Can someone tell me the derivative of the following determinant ($\Psi\in\mathbb{R}^{p\times p}$, $Z\in\mathbb{R}^{p\times q}$, $\alpha\in\mathbb{R}^q$)
- $\frac{\partial}{\partial \Psi} \log|\Psi+(Z\alpha)(Z\alpha)^T|=?$
- $\frac{\partial}{\partial \alpha} \log|\Psi+(Z\alpha)(Z\alpha)^T|=?$
$\Psi$ is a symmetric positive definite matrix. Thank you very much!
It's been quite a while since this question was posted so there may not be much use with this answer. However, I stumbled upon needing to perform a very similar derivative myself recently so figured I'd post it here to help in the future.
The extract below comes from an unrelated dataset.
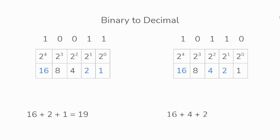We'll add them together, 16 plus 4 plus 2, giving us an answer of 22. So the binary value of 1 0 1 1 0 converted to decimal will give us 22.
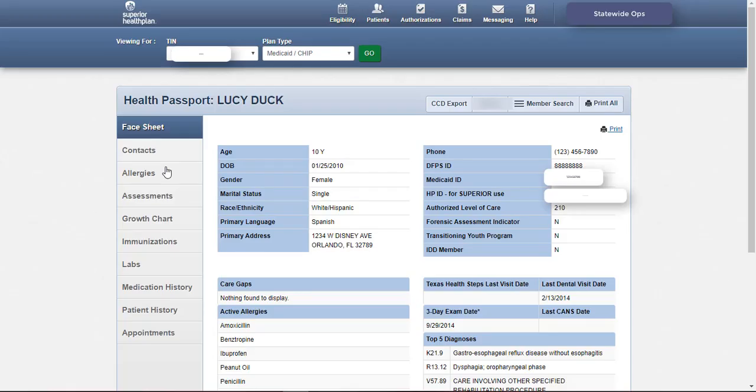Every member's health record will contain 10 modules. These modules encompass a range of information and can be accessed using the navigation buttons to the left. A module is one section of information found within the member's health record and will be a term used throughout this presentation.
The first question is to evaluate the following:
$$% {{\partial }\over{\partial \Psi}} \log \left| {\bf F}\left( \Psi \right)\right| % $$
where ${\bf F}\left( \Psi \right)$ is some matrix function of the matrix variable $\Psi$. For your example ${\bf F }\left(\Psi\right) = \Psi + (Za)(Za)^{T}$. As mentioned in the comments the chain rule is the correct way to proceed. Namely, the fact that
$$% {{\partial }\over{\partial \Psi}} \log \left| {\bf F}\left( \Psi \right)\right| = \left| {\bf F}\left( \Psi \right)\right|^{-1} {{\partial \left| {\bf F}\left( \Psi \right)\right|}\over{\partial \Psi}} % $$
From this stage, the determinant needs to be calculated. A few of the books I've seen performing this derivative seem to skip the general formulation of how to form this derivative explicitly for a matrix function argument. It is
$$% {{\partial \left| {\bf F}\left( \Psi \right)\right|}\over{\partial \Psi}} = \left| {\bf F}\left( \Psi \right)\right| \mbox{tr} \left( {\bf F}\left(\Psi\right) ^{-1} {{\partial {\bf F}\left( \Psi \right)}\over{\partial \Psi}}\right) % $$
Therefore executing this identity for your problem (and noting the symmetry of the $\Psi$ variable) gives
\begin{align}% {{\partial }\over{\partial \Psi}} \log \left| {\bf F}\left( \Psi \right)\right| &= {\bf F}\left(\Psi\right) ^{-1} + {\bf F}\left(\Psi\right) ^{-1^{T}} - \mbox{diag}\left({\bf F}\left(\Psi\right) ^{-1}\right) \\ &= 2{\bf F}\left(\Psi\right) ^{-1} - \mbox{diag}\left({\bf F}\left(\Psi\right) ^{-1}\right) % \end{align}
The second example follows from this with the exact same machinery. Noting that the derivative of a trace with respect to a scalar will still give a scalar.